◆ **Dataset records**
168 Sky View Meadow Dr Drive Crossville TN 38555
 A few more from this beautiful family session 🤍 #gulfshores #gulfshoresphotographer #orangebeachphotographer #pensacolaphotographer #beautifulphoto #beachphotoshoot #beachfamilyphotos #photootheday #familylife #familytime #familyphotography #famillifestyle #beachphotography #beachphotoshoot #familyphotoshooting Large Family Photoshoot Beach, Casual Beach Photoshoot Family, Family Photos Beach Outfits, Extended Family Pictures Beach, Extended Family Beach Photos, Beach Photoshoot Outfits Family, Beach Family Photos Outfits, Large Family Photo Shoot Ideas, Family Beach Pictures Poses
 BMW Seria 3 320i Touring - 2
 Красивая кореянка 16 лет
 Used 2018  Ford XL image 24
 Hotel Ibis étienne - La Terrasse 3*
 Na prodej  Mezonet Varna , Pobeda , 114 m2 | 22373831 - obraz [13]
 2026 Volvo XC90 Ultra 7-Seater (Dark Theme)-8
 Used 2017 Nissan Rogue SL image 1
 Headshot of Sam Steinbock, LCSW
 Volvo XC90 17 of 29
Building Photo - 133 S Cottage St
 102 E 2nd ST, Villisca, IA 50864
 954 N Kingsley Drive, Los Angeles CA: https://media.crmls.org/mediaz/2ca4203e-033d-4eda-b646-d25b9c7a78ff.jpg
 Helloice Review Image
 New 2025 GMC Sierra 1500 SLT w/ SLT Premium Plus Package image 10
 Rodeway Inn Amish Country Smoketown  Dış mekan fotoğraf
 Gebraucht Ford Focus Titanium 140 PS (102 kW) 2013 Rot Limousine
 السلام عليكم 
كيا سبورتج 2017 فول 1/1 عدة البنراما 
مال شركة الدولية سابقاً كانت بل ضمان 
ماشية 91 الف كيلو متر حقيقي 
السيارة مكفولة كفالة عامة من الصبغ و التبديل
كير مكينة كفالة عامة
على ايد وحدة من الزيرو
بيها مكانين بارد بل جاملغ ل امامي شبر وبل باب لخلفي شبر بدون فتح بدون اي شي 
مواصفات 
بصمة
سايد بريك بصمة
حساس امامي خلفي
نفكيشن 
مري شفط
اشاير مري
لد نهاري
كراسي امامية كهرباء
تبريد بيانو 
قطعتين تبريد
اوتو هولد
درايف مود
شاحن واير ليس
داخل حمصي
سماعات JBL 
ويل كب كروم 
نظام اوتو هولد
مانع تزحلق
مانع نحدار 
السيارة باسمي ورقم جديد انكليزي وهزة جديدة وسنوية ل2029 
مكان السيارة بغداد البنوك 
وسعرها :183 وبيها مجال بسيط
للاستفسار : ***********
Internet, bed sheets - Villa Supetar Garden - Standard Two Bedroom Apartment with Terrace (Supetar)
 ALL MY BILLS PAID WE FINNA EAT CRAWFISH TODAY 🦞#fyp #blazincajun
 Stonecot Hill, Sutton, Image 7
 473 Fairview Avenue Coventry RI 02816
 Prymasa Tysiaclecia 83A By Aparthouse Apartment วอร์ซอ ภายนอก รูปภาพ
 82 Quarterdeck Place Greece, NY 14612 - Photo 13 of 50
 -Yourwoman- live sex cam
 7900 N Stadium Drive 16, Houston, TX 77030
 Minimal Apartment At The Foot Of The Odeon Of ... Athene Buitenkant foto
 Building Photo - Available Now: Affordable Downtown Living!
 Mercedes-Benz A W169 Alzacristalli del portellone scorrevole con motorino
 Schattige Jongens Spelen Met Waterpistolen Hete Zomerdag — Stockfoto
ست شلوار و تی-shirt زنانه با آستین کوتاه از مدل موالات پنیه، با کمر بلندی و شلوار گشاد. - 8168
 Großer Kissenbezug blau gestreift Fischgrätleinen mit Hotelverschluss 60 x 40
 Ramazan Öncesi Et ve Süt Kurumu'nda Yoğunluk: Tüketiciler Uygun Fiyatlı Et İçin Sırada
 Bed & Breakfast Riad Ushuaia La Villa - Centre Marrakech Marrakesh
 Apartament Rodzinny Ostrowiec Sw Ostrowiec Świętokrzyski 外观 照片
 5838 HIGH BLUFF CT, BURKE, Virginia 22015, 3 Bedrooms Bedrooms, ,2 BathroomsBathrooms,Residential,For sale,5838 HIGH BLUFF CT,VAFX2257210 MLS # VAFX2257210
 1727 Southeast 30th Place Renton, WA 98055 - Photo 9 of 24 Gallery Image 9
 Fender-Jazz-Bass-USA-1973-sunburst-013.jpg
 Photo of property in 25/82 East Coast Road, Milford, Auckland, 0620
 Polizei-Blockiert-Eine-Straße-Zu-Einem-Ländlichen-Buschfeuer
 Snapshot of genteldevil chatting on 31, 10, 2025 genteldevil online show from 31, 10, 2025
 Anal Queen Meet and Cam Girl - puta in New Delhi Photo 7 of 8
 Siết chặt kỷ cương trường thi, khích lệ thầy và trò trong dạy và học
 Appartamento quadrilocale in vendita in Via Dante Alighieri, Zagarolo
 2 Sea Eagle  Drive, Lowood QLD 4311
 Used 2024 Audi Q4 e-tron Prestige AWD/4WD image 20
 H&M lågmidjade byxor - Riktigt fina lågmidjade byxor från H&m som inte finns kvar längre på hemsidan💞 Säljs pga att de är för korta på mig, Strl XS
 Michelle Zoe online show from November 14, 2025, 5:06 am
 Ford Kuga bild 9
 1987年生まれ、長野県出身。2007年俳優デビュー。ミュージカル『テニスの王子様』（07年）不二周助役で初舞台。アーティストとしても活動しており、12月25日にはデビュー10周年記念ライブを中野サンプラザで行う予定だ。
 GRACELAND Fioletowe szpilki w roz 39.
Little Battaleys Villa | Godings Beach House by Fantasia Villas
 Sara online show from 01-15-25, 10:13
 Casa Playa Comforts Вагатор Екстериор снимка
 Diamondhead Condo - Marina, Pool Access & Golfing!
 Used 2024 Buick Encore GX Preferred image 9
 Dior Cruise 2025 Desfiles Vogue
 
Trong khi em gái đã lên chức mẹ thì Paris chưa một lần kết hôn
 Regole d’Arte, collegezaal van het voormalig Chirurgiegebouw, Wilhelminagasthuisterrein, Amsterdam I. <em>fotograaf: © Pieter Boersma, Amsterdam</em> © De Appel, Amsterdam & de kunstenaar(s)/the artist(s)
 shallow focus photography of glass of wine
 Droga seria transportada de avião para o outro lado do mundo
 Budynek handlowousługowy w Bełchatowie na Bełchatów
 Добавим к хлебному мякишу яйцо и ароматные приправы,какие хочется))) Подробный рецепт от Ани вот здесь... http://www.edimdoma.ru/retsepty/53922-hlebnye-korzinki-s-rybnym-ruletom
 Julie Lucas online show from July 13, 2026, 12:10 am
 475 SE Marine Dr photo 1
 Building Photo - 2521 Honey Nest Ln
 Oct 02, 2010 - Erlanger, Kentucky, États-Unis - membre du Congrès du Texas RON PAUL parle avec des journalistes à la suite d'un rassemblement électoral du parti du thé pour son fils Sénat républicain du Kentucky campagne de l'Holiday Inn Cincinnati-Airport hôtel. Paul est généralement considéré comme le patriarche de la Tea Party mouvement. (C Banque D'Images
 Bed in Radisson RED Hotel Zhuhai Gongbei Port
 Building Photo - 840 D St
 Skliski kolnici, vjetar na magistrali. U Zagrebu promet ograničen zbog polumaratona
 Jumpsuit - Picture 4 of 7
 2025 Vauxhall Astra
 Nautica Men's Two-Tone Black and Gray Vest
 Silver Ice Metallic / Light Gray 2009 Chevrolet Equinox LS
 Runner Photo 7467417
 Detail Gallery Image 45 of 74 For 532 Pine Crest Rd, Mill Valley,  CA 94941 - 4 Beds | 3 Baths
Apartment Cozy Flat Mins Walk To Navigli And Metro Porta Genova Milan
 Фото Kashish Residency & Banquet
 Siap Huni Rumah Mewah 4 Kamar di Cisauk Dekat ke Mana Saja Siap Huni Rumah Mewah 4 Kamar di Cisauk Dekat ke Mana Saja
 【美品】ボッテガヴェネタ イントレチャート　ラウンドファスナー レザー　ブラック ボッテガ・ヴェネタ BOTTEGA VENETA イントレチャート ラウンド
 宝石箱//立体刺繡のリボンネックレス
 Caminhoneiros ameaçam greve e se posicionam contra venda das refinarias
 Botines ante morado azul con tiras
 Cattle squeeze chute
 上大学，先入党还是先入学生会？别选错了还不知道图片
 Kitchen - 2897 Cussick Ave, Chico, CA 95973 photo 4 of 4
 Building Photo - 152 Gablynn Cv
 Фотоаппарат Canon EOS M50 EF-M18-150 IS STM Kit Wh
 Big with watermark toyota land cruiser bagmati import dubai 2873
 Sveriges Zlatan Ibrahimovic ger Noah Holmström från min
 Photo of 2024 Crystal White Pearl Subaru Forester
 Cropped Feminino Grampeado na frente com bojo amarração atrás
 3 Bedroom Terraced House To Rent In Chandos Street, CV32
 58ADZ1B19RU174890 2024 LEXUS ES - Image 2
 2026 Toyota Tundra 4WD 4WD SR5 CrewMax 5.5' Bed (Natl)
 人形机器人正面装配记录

◆ **What to produce**
Beginning at the top of the entries above, output each line exactly, and end with the line in which "XL image 24" appears.

◆ **Answer space**
168 Sky View Meadow Dr Drive Crossville TN 38555
 A few more from this beautiful family session 🤍 #gulfshores #gulfshoresphotographer #orangebeachphotographer #pensacolaphotographer #beautifulphoto #beachphotoshoot #beachfamilyphotos #photootheday #familylife #familytime #familyphotography #famillifestyle #beachphotography #beachphotoshoot #familyphotoshooting Large Family Photoshoot Beach, Casual Beach Photoshoot Family, Family Photos Beach Outfits, Extended Family Pictures Beach, Extended Family Beach Photos, Beach Photoshoot Outfits Family, Beach Family Photos Outfits, Large Family Photo Shoot Ideas, Family Beach Pictures Poses
 BMW Seria 3 320i Touring - 2
 Красивая кореянка 16 лет
 Used 2018  Ford XL image 24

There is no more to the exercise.